__Exercise aim__
Retype all data exactly as given. Pictures should not be retyped.

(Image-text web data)
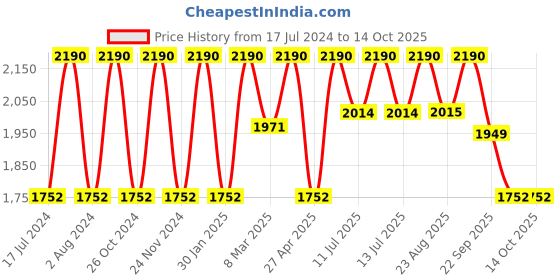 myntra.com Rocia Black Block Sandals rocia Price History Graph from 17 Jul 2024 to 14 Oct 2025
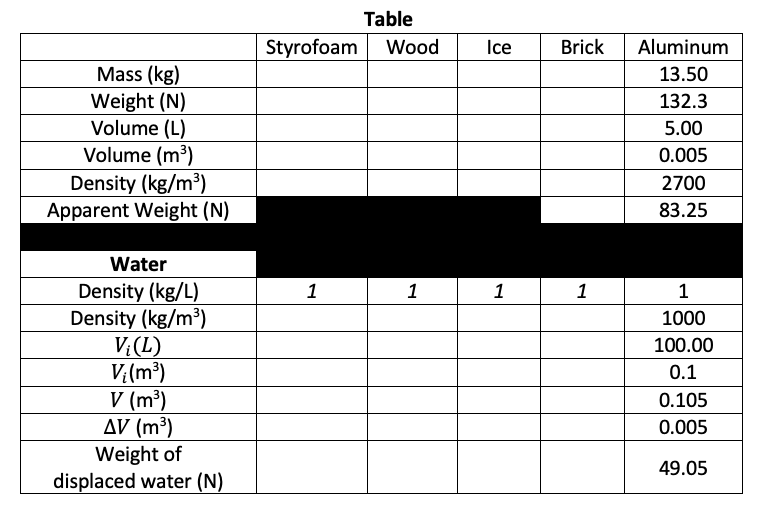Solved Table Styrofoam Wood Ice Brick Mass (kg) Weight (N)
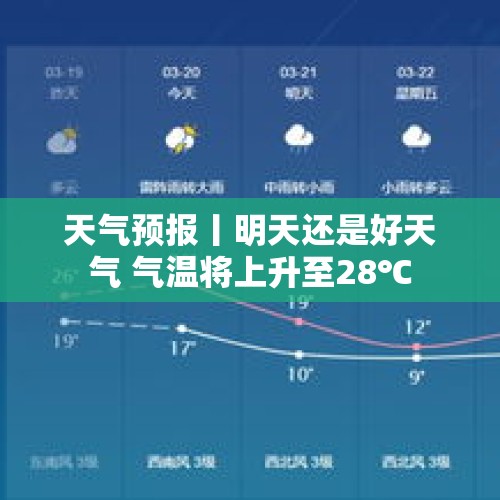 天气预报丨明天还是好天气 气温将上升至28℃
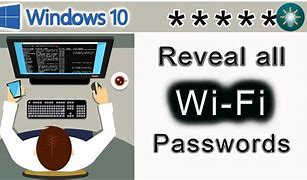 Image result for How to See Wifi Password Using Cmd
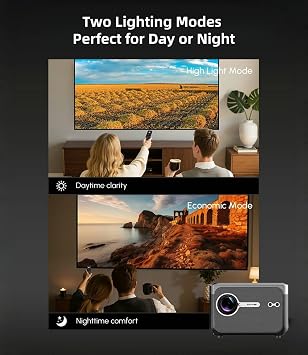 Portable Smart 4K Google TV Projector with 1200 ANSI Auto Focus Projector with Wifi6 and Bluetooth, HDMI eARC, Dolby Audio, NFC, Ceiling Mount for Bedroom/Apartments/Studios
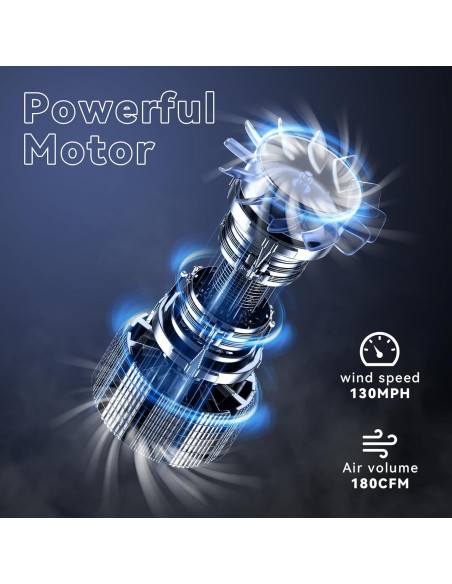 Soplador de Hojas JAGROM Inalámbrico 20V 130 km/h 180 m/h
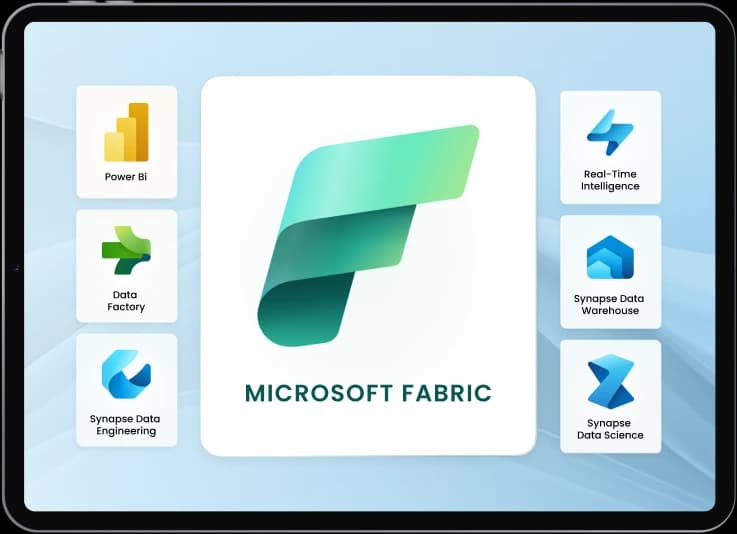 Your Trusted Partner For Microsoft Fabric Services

__Expected output__
 myntra.com Rocia Black Block Sandals rocia Price History Graph from 17 Jul 2024 to 14 Oct 2025
Solved Table Styrofoam Wood Ice Brick Mass (kg) Weight (N)
 天气预报丨明天还是好天气 气温将上升至28℃
 Image result for How to See Wifi Password Using Cmd
 Portable Smart 4K Google TV Projector with 1200 ANSI Auto Focus Projector with Wifi6 and Bluetooth, HDMI eARC, Dolby Audio, NFC, Ceiling Mount for Bedroom/Apartments/Studios
 Soplador de Hojas JAGROM Inalámbrico 20V 130 km/h 180 m/h
 Your Trusted Partner For Microsoft Fabric Services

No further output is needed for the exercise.